Hal tersebut merupakan kesimpulan utama dari refleksi demokrasi Indonesia oleh Atma Jaya Institute of Public Policy menutup series Atma Jaya Public Policy Forum dengan sesi ketiga bertajuk Kelas Menengah dan Kebangkitan Demokrasi Indonesia. Acara ini berlangsung pada 3 Desember 2024.

Forum tersebut mengundang tiga panelis untuk berdiskusi seputar hubungan kelas menengah dengan demokrasi. Mulai dari tantangan yang dihadapi, gerakan yang mendorong agenda progresif, dan peran kelas menengah dalam demokrasi.

Data dari Fulcrum (2024) mengungkapkan, kelas menengah kini menghadapi berbagai masalah yang dirasa perlu menjadi prioritas pemimpin negara. Sebagian besar kelas menengah menganggap lapangan kerja, eradikasi korupsi, dan penegakan hukum menjadi masalah yang perlu diprioritaskan.

George Martin Sirait selaku dosen senior Program Magister Manajemen, Fakultas Bisnis dan Komunikasi, Unika Atma Jaya merekomendasikan peningkatan lapangan kerja yang berkualitas untuk menghasilkan kemandirian finansial, penguatan lembaga untuk memperkuat hak-hak masyarakat sipil, dan perbanyak intelektual publik. 

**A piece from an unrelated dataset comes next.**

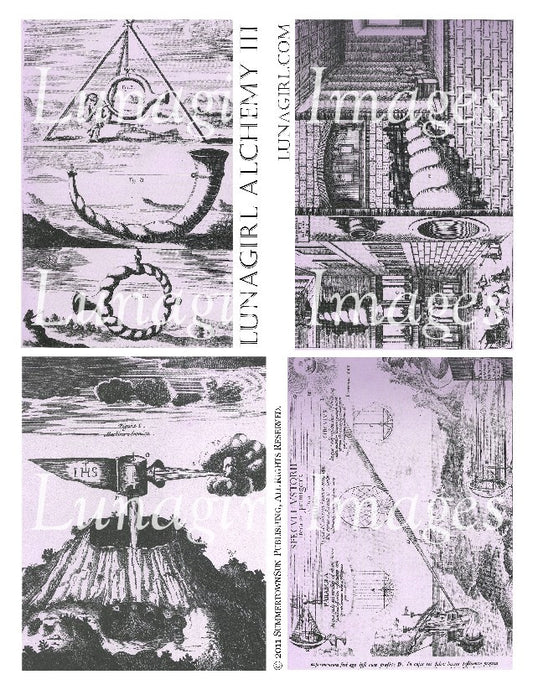 Alchemy 3 in Purple Digital Collage Sheet - Lunagirl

Melihat kondisi saat ini, rencana kenaikan pajak sebesar 12 persen dan fenomena deindustrialisasi menempatkan kelas menengah di dalam situasi yang semakin sulit secara sosial dan politik.

Peneliti Pusat Riset Politik Badan Riset dan Inovasi Nasional/PRP-BRIN Wasisto Raharjo Jati membahas bahwa kelas menengah senantiasa dalam kondisi fluktuatif dalam demokratisasi di Indonesia. Kondisi ini menyesuaikan dengan dinamika sosial politik sebelum dan sesuai demokrasi.

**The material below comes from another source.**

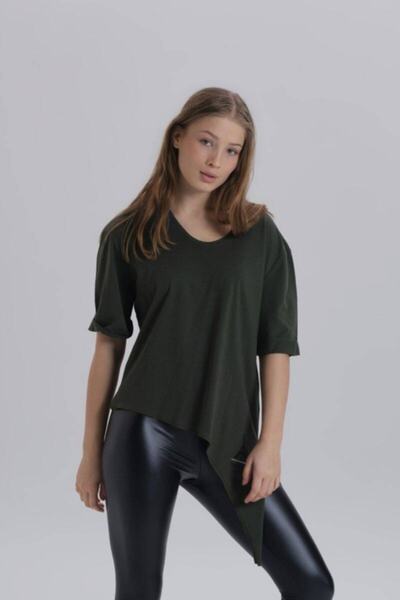 DAVID&GERENZO Khaki Women's Eiffel Print Detail Asymmetric Cut T-shirt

Adanya ketimpangan ekonomi secara struktural membuat posisi kelas menengah berada dalam posisi dilema antara masih idealis atau pragmatis. Terlebih, posisi masyarakat sipil kini pada mengawal project daripada isu karena kecenderungan untuk mengikuti kepentingan donor, alih-alih berfokus kepada isu. 

Terjadinya pelemahan kekuatan masyarakat sipil semakin nyata ketika ruang gerak aktivisnya dibatasi dan mereka direkrut untuk mengisi posisi-posisi strategis dalam pemerintahan. Di atas semua ini, sosial media dapat dipergunakan sebagai ruang yang lebih luas bagi kelas menengah untuk berpartisipasi dalam berbagai gerakan sosial, seperti melalui kampanye tagar, petisi online, dan podcast.

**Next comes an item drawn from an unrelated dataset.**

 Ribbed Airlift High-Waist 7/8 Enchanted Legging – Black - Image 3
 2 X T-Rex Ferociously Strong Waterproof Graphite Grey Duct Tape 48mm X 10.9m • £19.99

Tentunya dengan batasan dalam penggunaannya untuk memastikan ruang berpendapat yang aman. Advokasi melalui media sosial saat ini telah kita lihat bukti konkritnya, salah satunya melalui hashtag #KawalPutusanMK yang ditrenkan masyarakat sipil pada saat DPR merevisi RUU Pilkada yang akan memberi ruang yang lebih leluasa bagi dinasti politik. 

Muhammad Fajar selaku Research Fellow, Institute for Advanced Research, Unika Atma Jaya melalui presentasinya yang berjudul Organisasi Gerakan Anak Muda Progresif Indonesia Pasca-Orde Baru, menyimpulkan bahwa saat ini, mobilisasi pemuda progresif dalam mewujudkan agenda transformatif masih terkendala keterbatasan dalam membangun jaringan dengan basis massa yang lebih luas. Selain itu diperlukan persepsi mengenai pemuda sebagai agen perubahan yang sebaiknya didasarkan pada kajian realitas yang objektif. 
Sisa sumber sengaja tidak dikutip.